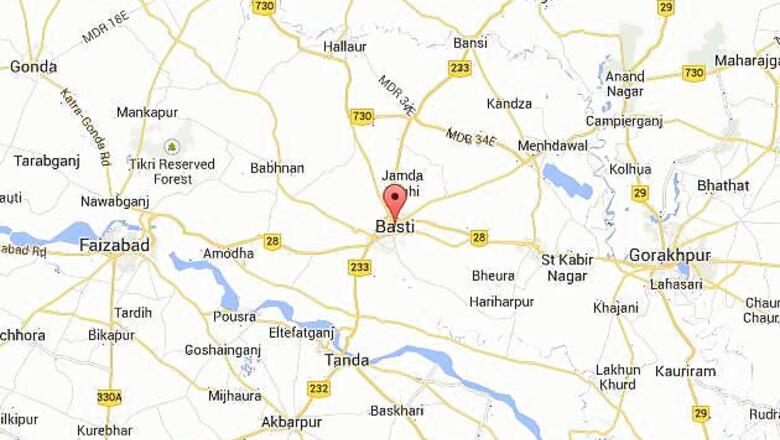 2 killed, 4 injured in road mishap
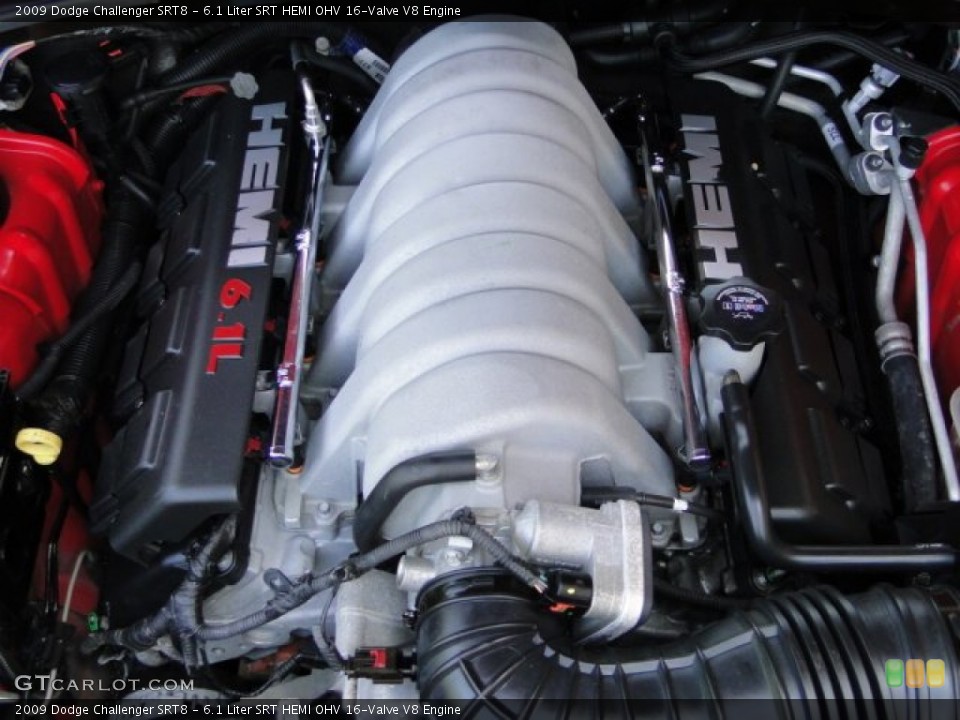 6.1 Liter SRT HEMI OHV 16-Valve V8 2009 Dodge Challenger Engine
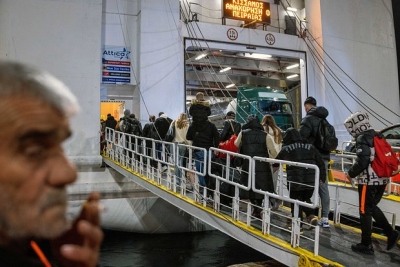 Ρωσικά ΜΜΕ: Καταστροφή για την Ελλάδα - Οι τουρίστες εγκαταλείπουν μαζικά το νησί της Σαντορίνης μετά από σεισμούς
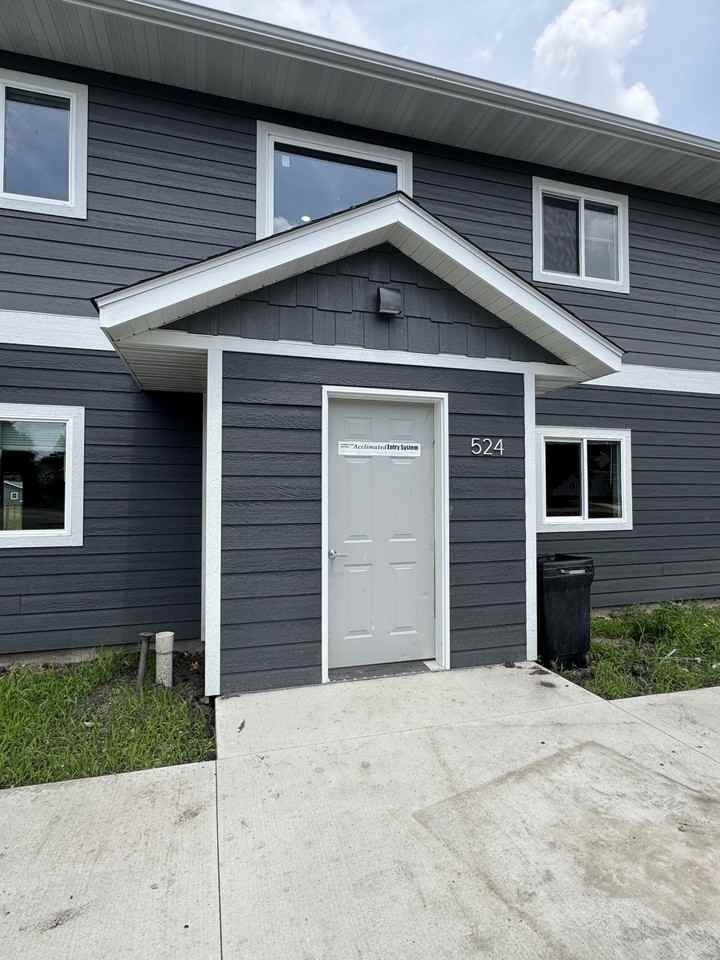 524 6th St #AB - Photo 3 of 24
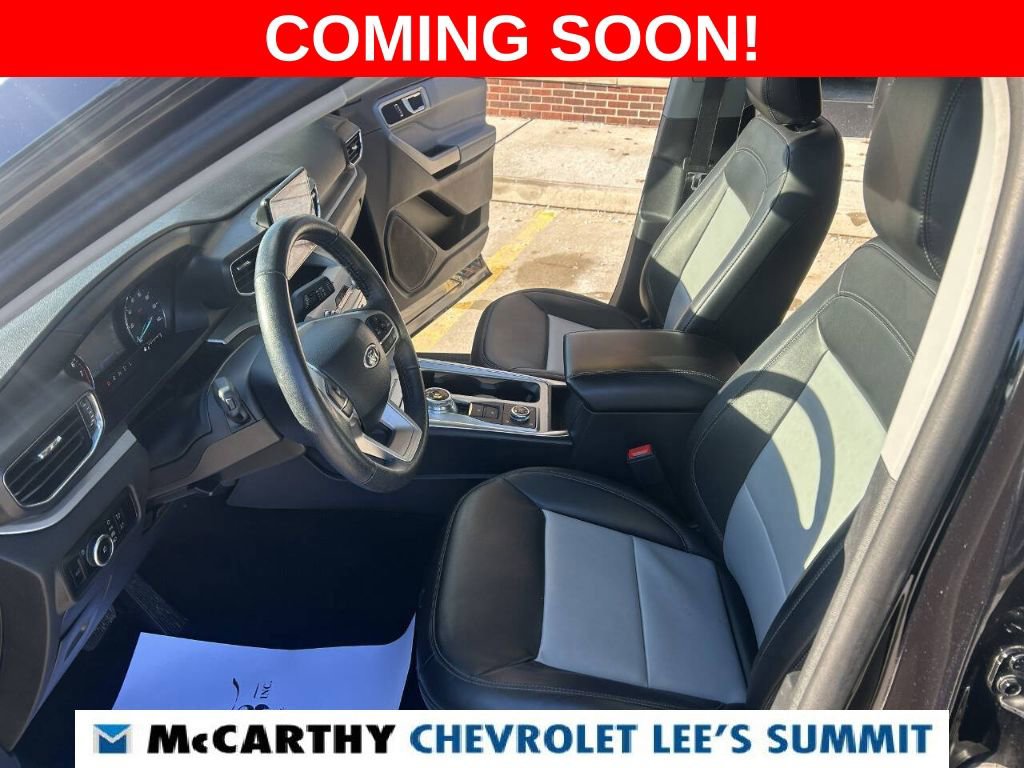 Used 2024 Ford Explorer XLT w/ Equipment Group 202A image 7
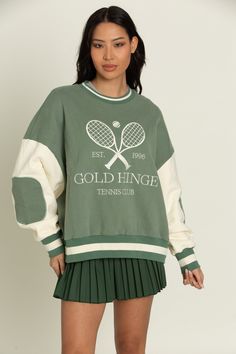 GH Tennis Club Patch Sweatshirt Trendy Athletic Outfits, Patch Sweatshirt, Tennis Club, Tennis Skirts, Club Sweatshirts, Tennis Fashion, Tennis Clubs, Tennis Clothes, Athletic Outfits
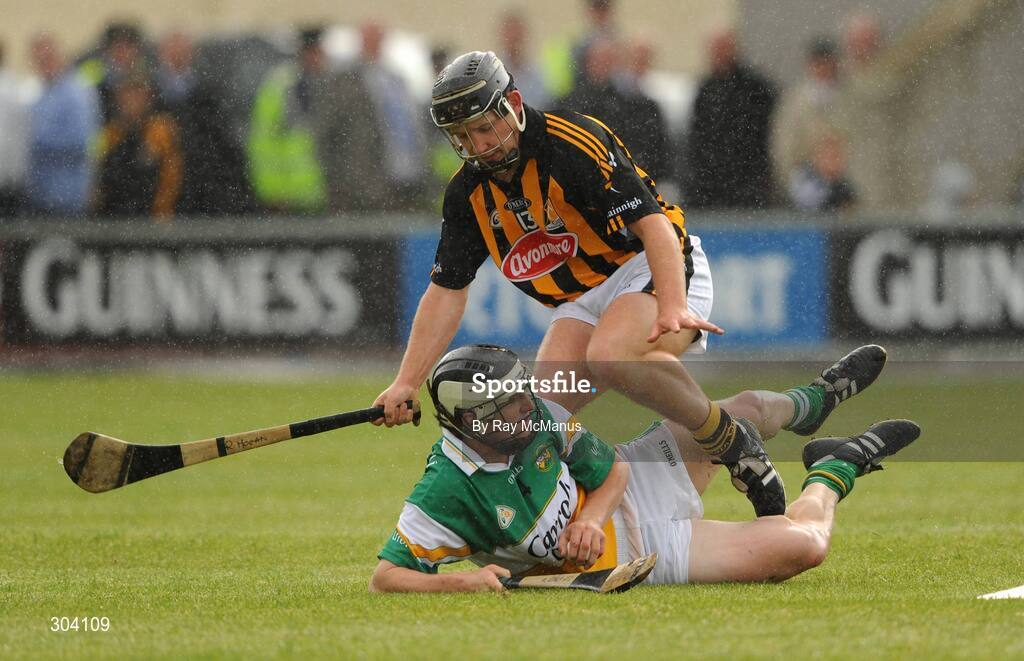 15 June 2008; Brian Carroll, Offaly, in action against Richie Hogan, Kilkenny. GAA Hurling Leinster Senior Championship Semi-Final, Offaly v Kilkenny, O'Moore Park, Portlaoise, Co. Laois. Picture credit: Ray McManus / SPORTSFILE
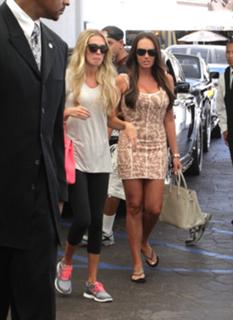Tamara Ecclestone feet photo thumbnail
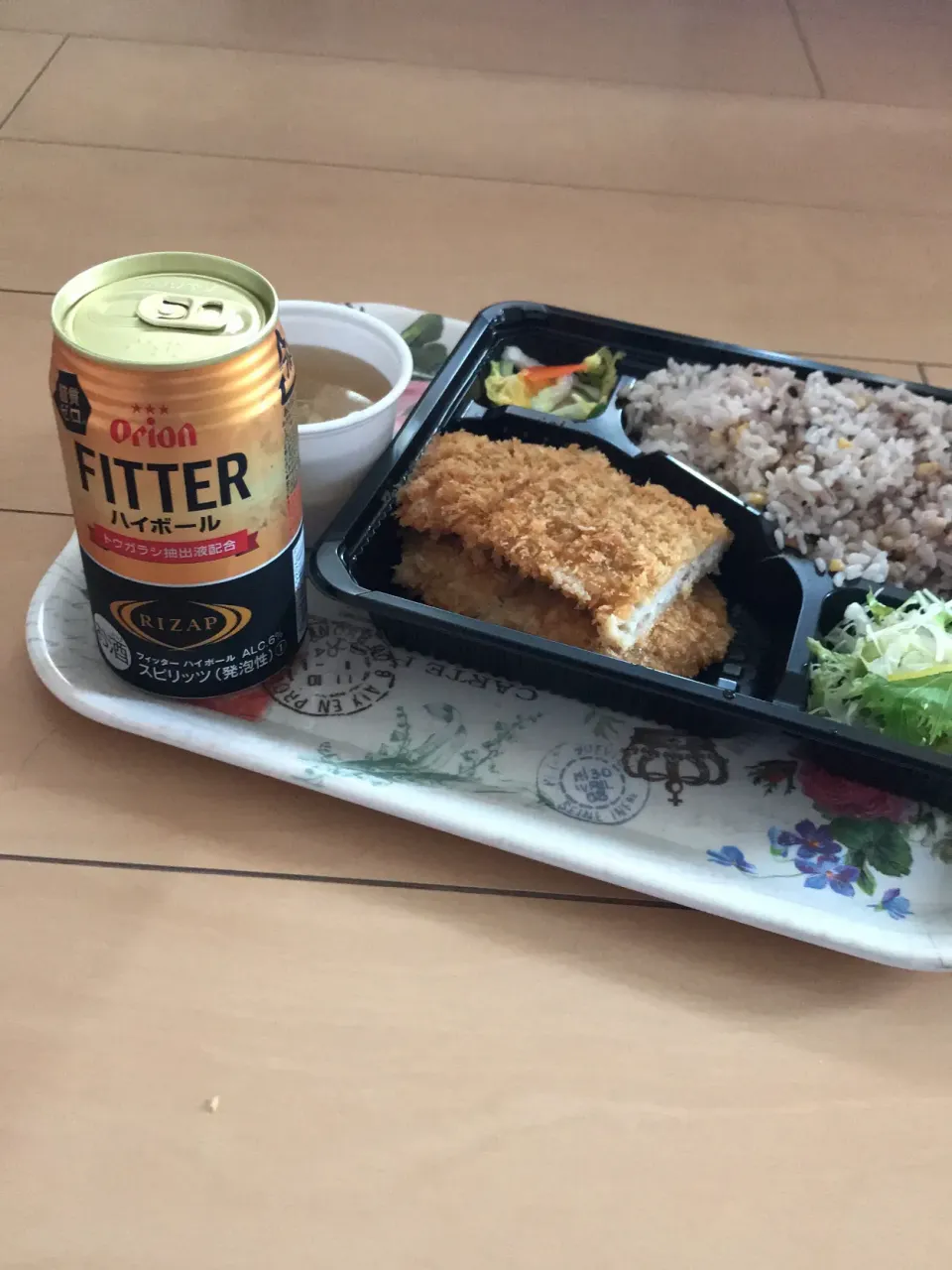 ロースカツ弁当with FITTER|やんもぐさん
+ + + + + + +
§ WORK TO BE COMPLETED:
Print the material in full and exactly; the pictures must not be printed.

§ SOLUTION FOR THIS PROBLEM:
 2 killed, 4 injured in road mishap
 6.1 Liter SRT HEMI OHV 16-Valve V8 2009 Dodge Challenger Engine
 Ρωσικά ΜΜΕ: Καταστροφή για την Ελλάδα - Οι τουρίστες εγκαταλείπουν μαζικά το νησί της Σαντορίνης μετά από σεισμούς
 524 6th St #AB - Photo 3 of 24
 Used 2024 Ford Explorer XLT w/ Equipment Group 202A image 7
 GH Tennis Club Patch Sweatshirt Trendy Athletic Outfits, Patch Sweatshirt, Tennis Club, Tennis Skirts, Club Sweatshirts, Tennis Fashion, Tennis Clubs, Tennis Clothes, Athletic Outfits
 15 June 2008; Brian Carroll, Offaly, in action against Richie Hogan, Kilkenny. GAA Hurling Leinster Senior Championship Semi-Final, Offaly v Kilkenny, O'Moore Park, Portlaoise, Co. Laois. Picture credit: Ray McManus / SPORTSFILE
Tamara Ecclestone feet photo thumbnail
 ロースカツ弁当with FITTER|やんもぐさん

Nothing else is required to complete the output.